The project will be guided by four foundational principles:

  • Establish a complete community that improves quality of life for a diverse population of residents, workers, and visitors.
  • Create a destination for people, companies, startups, and local organizations to advance solutions to the challenges facing cities, such as energy use, housing affordability, and transportation.
  • Make Toronto the global hub of a rising new industry: urban innovation.
  • Serve as a model for sustainable neighbourhoods throughout Toronto and cities around the world.

This will be the very definition of a “smart city,” a template for how urban centres will evolve in order to “blend people-centered urban design with cutting-edge technology to achieve new standards of sustainability, affordability, mobility, and economic opportunity.” But Sidewalk Toronto is not designed to be a bubble of suburbia within the skyscraper condos that have come to define TO’s globule of urbania, but rather a complimentary neighbourhood that not only embraces the city’s character and diversity, but aspires to grow and adapt with it. Sidewalk Toronto has a community commitment that they believe is essential to the success of the model city they hope to build, which includes:

  • Embracing diversity and difference across the Greater Toronto and Hamilton Area
  • A belief that every resident should have a voice
  • Working in good faith in service of the public good
  • Ensuring our work is inclusive of and accessible to all
  • Respect for continuous learning and the expertise of lived experience
  • A belief that solving complex issues requires genuine collaboration

Sidewalk Lab’s vision for Sidewalk Toronto and the projects that will follow is the ultimate realization of a globo-digital city, which will include a promise of mobility (self-driving cars, pedestrian and bicycle apparti, and public transit), efficient and affordable housing, environmental consciousness and responsibility, sustainability, community, digital infrastructure, and more.
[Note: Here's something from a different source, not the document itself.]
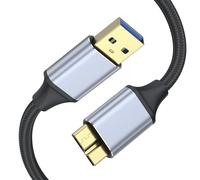 YLK Cable USB a Micro B 3.0, Cable de 0,5 M Compatible con Disco Duro Externo WD, Toshiba, Seagate, Samsung Galaxy S10/S9/S8 (50cm_USB Nylon)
More intriguingly for denizens of the city that proudly proclaims #WeTheNorth, Sidewalk Toronto plans “all-weather infrastructure and data-driven management tools [which will] enable cities to make parks and public plazas more comfortable, lively, and safe, and self-driving vehicles enable communities to reclaim streets for public space and social connections.”

Sidewalk Labs is not the achievement of Frank Lloyd Wright’s unrealized dream of Broadacre City, but rather the evolution of our ideal of urban living. Wright wanted to solve the city. Sidewalk aims to define it by creating the scaffolding upon which they will hang future developments in Vancouver and Chicago and New York and Albuquerque and Lima and Chongqing and beyond.